Suppose we have a vast wealth of experience in estimating coin biases (the likelihood a coin lands heads or tails with coins that are not fairly balanced), and that we have kept a record of the estimated bias of every coin we have ever encountered (again and for the rest of the post, borrowing heavily from Stone’s work). We can plot the frequency with which each bias occurs as a histogram. The histogram represents all the knowledge implicit in our previous experience of coin biases. It effectively provides a hint about the probable value of a coin’s bias (or a VC investment) before we have flipped that coin once. The width of the histogram cannot exceed 0.5 (representing a 50% bias or 50/50 chance). The width is also an indicator regarding our certainty of the prior knowledge of a coin’s bias. If the histogram were very narrow when we would be reasonably certain that any new coin we choose will have a bias closer to 0.5. Conversely, if the histogram were quite broad (but still centered on 0.5), then our best guess at a new coin’s bias would also still be 0.5, but we could be much less certain what its value will be close to 0.5. The binomial equation to represent this graph is p(⊝) = ⊝2 (1-⊝), with ⊝ as the continuous parameter; this is the prior probability density function.
The posterior and a rational basis for bias
Using Bayes’ Rule, if you combine this function with the likelihood the event will occur (for the math person, p(x|⊝) = ⊝7 (1 – ⊝)3), you can choose the best value for the continuous parameter, ⊝. Using Bayes, you would derive an equation p(⊝|x) = ⊝9 (1-⊝)5.
For a coin that lands heads with probability ⊝true, we use the observed proportion of x of heads to estimate ⊝true. But all measurement devices are imperfect, so the measured estimate x of the true proportion of heads x true is noisy. There are at least two sources of uncertainty: uncertainty in the measured value x, and uncertainty in the relation between x and the parameter ⊝.
These sources of uncertainty translate to a corresponding uncertainty in the value of ⊝, which defines a likelihood function p(x|⊝). However, if we know the underlying (or prior) distribution p (⊝) the value of ⊝ in the world then we can use this as a guide to reduce uncertainty in ⊝. In essence this is what Bayes’ Theorem does. Bayes’ Theorem tells us how to adjust estimated value.
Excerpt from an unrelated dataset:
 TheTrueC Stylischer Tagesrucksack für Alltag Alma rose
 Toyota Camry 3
Bayes’ Rule provides a rational basis for imposing a particular choice of value (the prior, which may appear biased) on estimated parameter values, to arrive at a value that represents our estimate of the most probable state of the real world.
The uniform prior
If there is no previous experience of an unknown parameter like coin bias, and therefore no reason to prefer any particular coin bias values other, there are two options:
- First, you could simply rely on the observed data (coin flip outcomes) in the form of a likelihood function, which implicitly acknowledge the lack of knowledge or previous experience of the value of a parameter.
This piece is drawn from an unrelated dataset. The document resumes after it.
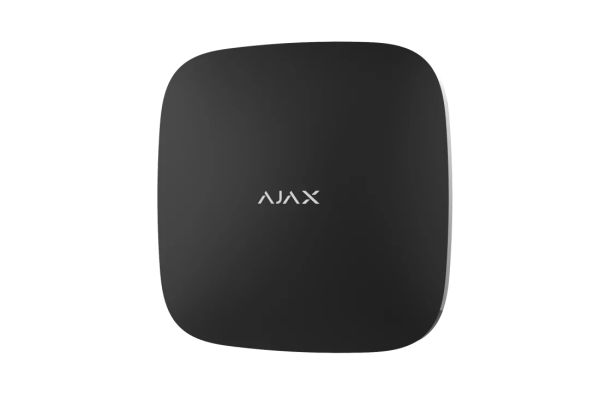 AJAX Security - Hub 2 Black Plus with Advanced Control Panel, Alarm Photo Verification, 2 Sim, ETH, and Wi-Fi | AJAX-HUB-2-PLUS- — image 3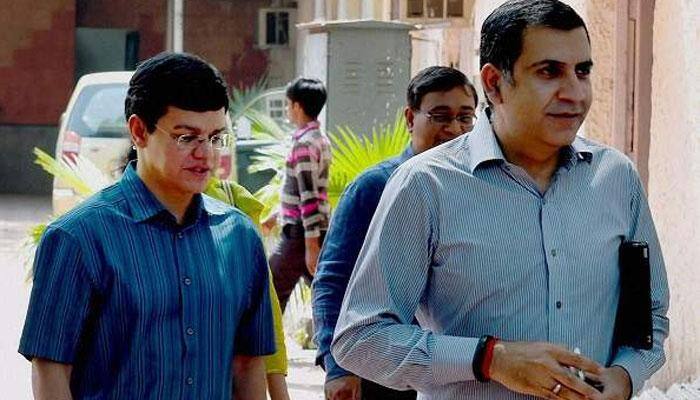 Unitech MD Sanjay Chandra's police custody extended by 3 days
- Second, you could make your lack of knowledge explicit in the form of a particular prior probability density function. Since you do not know how much weight to assign to each likelihood value, it is appropriate to weigh them all equally.
Either option has the same outcome.
I have discussed how the combined set of outcomes can be used to infer coin bias. Just as new evidence may arrive in a court, a new game may hit the market, so each coin flip provides additional evidence regarding the coin bias. Rather than waiting until all outcomes have been observed, you can use the posterior distribution from all outcomes up until the last coin flip as a prior distribution for interpreting the next flip outcome.
If successive outcomes are mutually independent, so that the outcome of the second flip does not depend on the outcome of the first flip then this mutual independence guarantees that the posterior distribution is identical whether it is computed using all of the data simultaneously or sequentially.
In the next weeks, I will be giving everyone a quiz; just kidding. Now that we have gone over the underlying math, I will explore different applications of Bayes’ Rule to key strategic and tactical business decisions.